In contrast, said Bales, countries like Brazil led the world in anti-slavery efforts. “It has a national plan to eradicate slavery. It has a dirty list where it has every company that’s ever had slavery pollute their products, they have special anti-slavery police squads.”
He rejected the suggestion that the term “slavery” was an overly emotive or misleading way of defining people who were trapped by crushing poverty.
“I spend a lot of time talking to people who have been or are in slavery, and when you talk to them about it, they know what the situation is,” he said.
“We’re not talking about bad choices, we’re not talking about crummy jobs in a sweatshop. We’re talking about real life slavery — you can’t walk away, you’re controlled through violence, you’re treated like property.”
The research, which makes recommendations to policy makers in Africa and around the world, reveals: Extreme poverty, conflict and traditional practices such as child marriage and hereditary slavery are all factors in the high rates of enslavement in many African countries.
It said Kenya is host to thousands of displaced people from neighbouring countries including Somalia, Sudan and Ethiopia.  These migrants, often irregular, can be subjected to slavery like conditions. Also, Kenyans are known to have been exploited in countries overseas.
In terms of top performers, Mauritius ranks 143 out of 162 on the Index and leads the region in terms of stability and the protection of human and worker rights. South Africa is ranked 115 and is also singled out for praise by the report for its anti-slavery policies.
“It would be comforting to think that slavery is a relic of history, but it remains a scar on humanity on every continent. This is the first slavery index but it can already shape national and global efforts to root out modern slavery across the world. We now know that just ten countries are home to over three quarters of those trapped in modern slavery. These nations must be the focus of global efforts,” said Nick Grono, CEO of Walk Free Foundation.

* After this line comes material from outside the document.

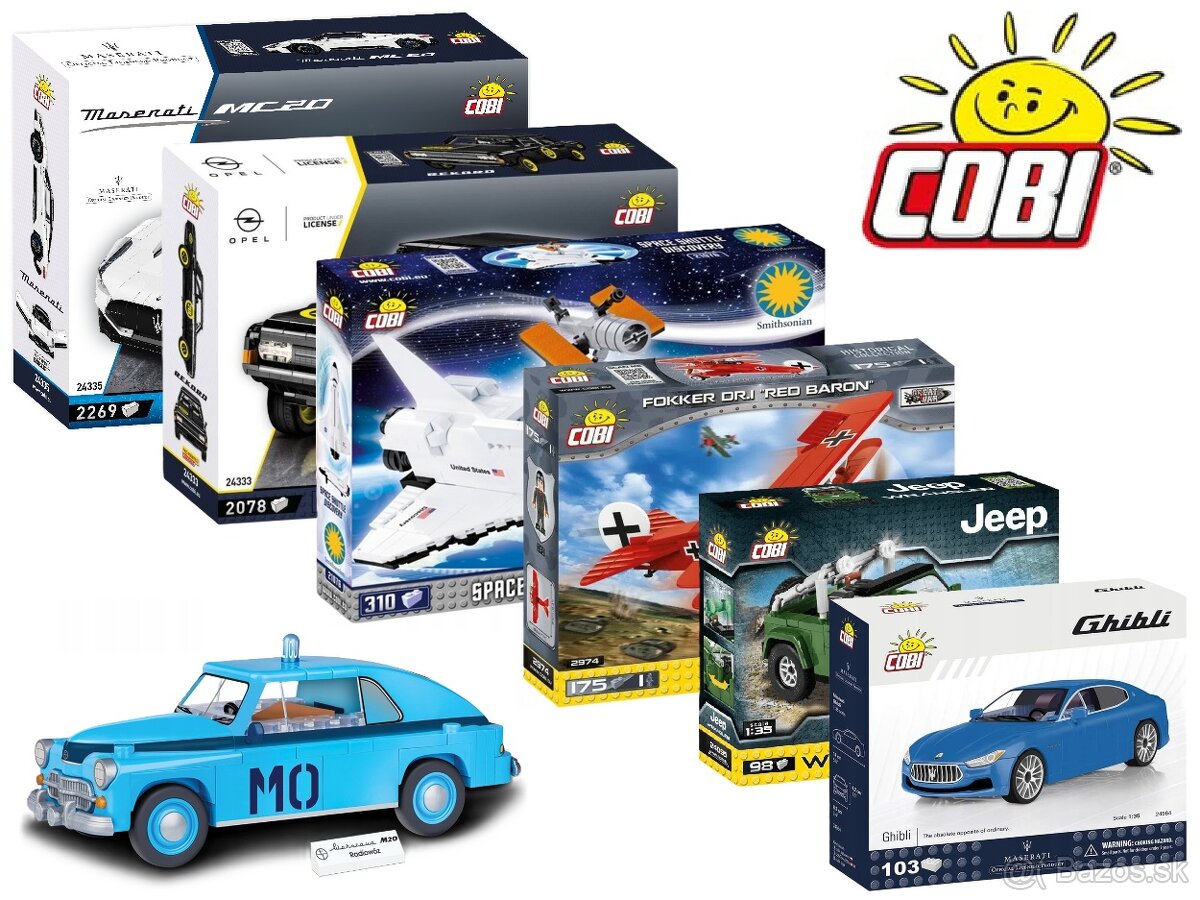 COBI stavebnice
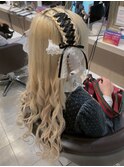 レースアップ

“Most governments don’t dig deeply into slavery for a lot of bad reasons. There are exceptions, but many governments don’t want to know about people who can’t vote, who are hidden away, and are likely to be illegal anyway. The laws are in place, but the tools and resources and the political will are lacking. And since hidden slaves can’t be counted it is easy to pretend they don’t exist. The Index aims to change that,” said Professor Kevin Bales, the lead researcher on the Index.